Que manía la del ser humano de compararse constantemente con los demás. Aquel es más alto, más atractivo (a), más inteligente, más próspero, más feliz, etc. Y es que cuando no lo hacemos nosotros, lo harán otras personas; sin embargo, lo que verdaderamente importa es la comparación que hacemos sin vacilar, y en muchos casos sin el ánimo de echarnos a  perder esta fiesta que llamamos vida.De pequeño me enseñaron que no podía sumar peras y manzanas (a pesar de que no se dieran en mi tierra caribeña), pero definitivamente se les podía comparar para sacar las diferencias entre una y otra. Hasta allí todo va bien, pero cuando tras las diferencias cae el juicio implacable de valor que pretende decir que una cosa es mejor que la otra es cuando se presenta el problema, el sufrimiento, no solo por lo que no tenemos, lo cual es útil para percatarnos posiblemente de algunas necesidades, sino peor aún, para sufrir por lo que tiene el otro.
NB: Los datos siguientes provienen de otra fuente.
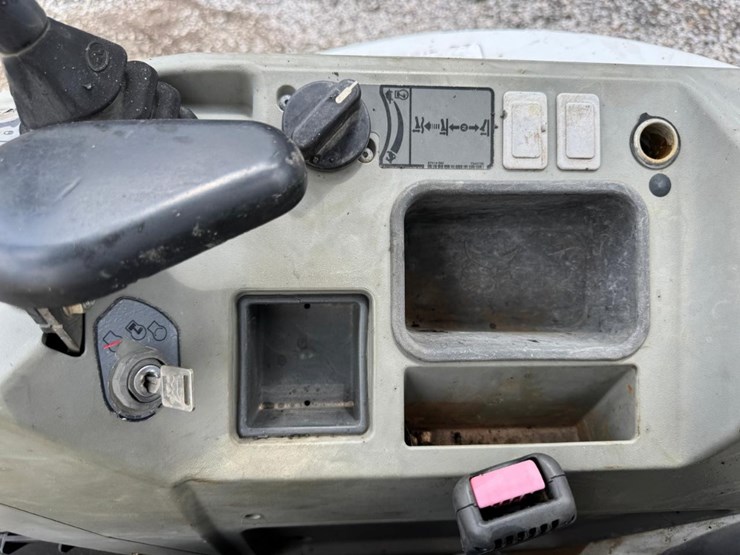 2016-bobcat-e26-image-27
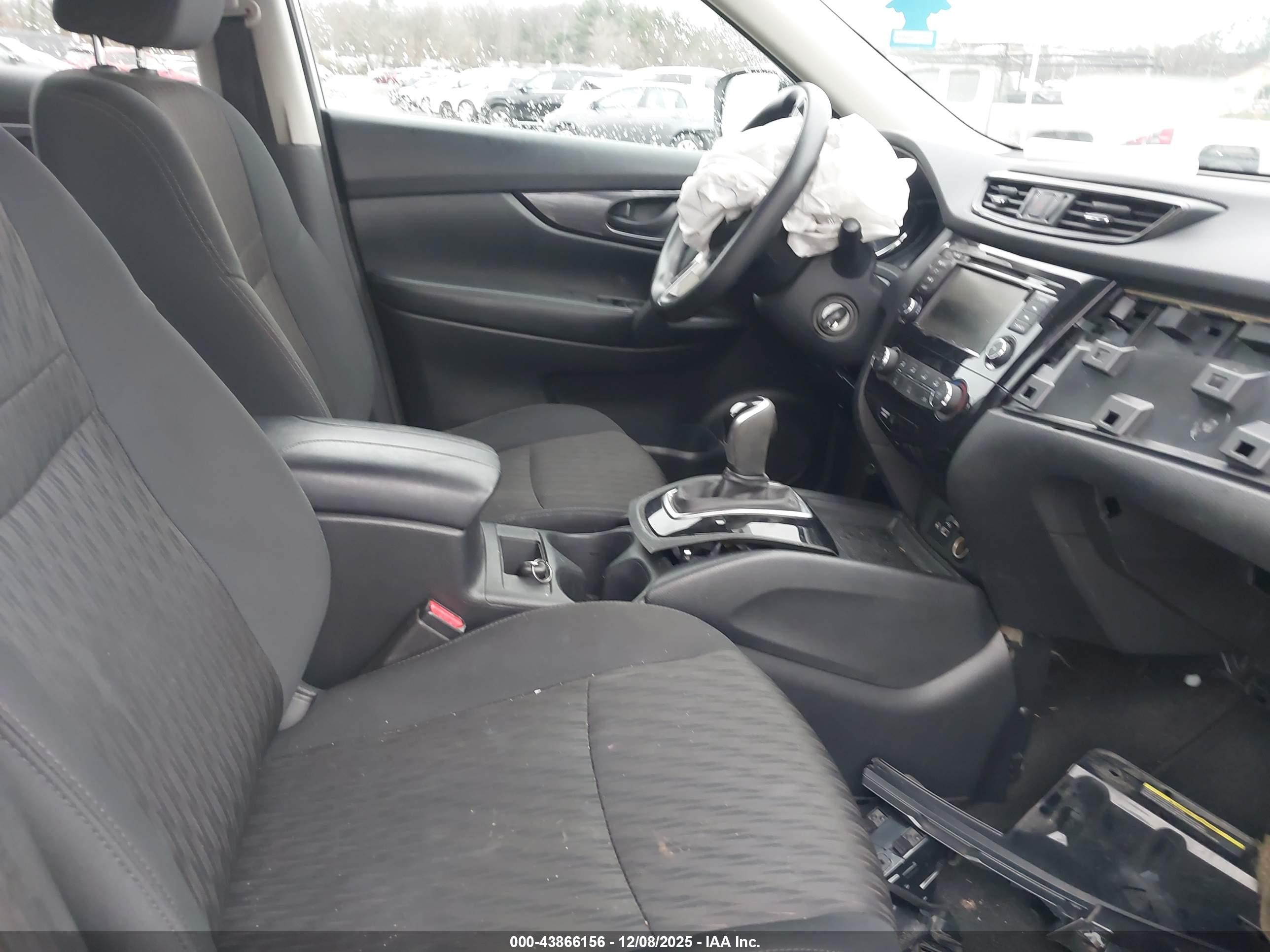 NISSAN ROGUE image 5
Si un perro, por ejemplo, le faltara una pata, más allá de las obvias incomodidades que ello podría causarle, no repararía en compararse con el resto de los perros y sentirse mal porque los demás tuvieran 4 patas. Pero los humanos, seres, supuestamente superiores, si reparamos en ello para sentirnos mal gracias a las comparaciones, sin reparar en que somos seres únicos, y que nuestra misión en la vida no es otra que ser la mejor versión de nosotros mismos, con lo que tenemos, con lo que somos.

Definitivamente este par de extraordinarias personas no reparan en pensar en que a ellos les falta un miembro, a la hora de hacer una rutina de ballet. Saben perfectamente que, al igual que el mejor y más dotado de los bailarines, son capaces de dar lo mejor de sí para el deleite de todos los que tenemos la suerte de admirar su trabajo, y sobre todo, para su propio gozo.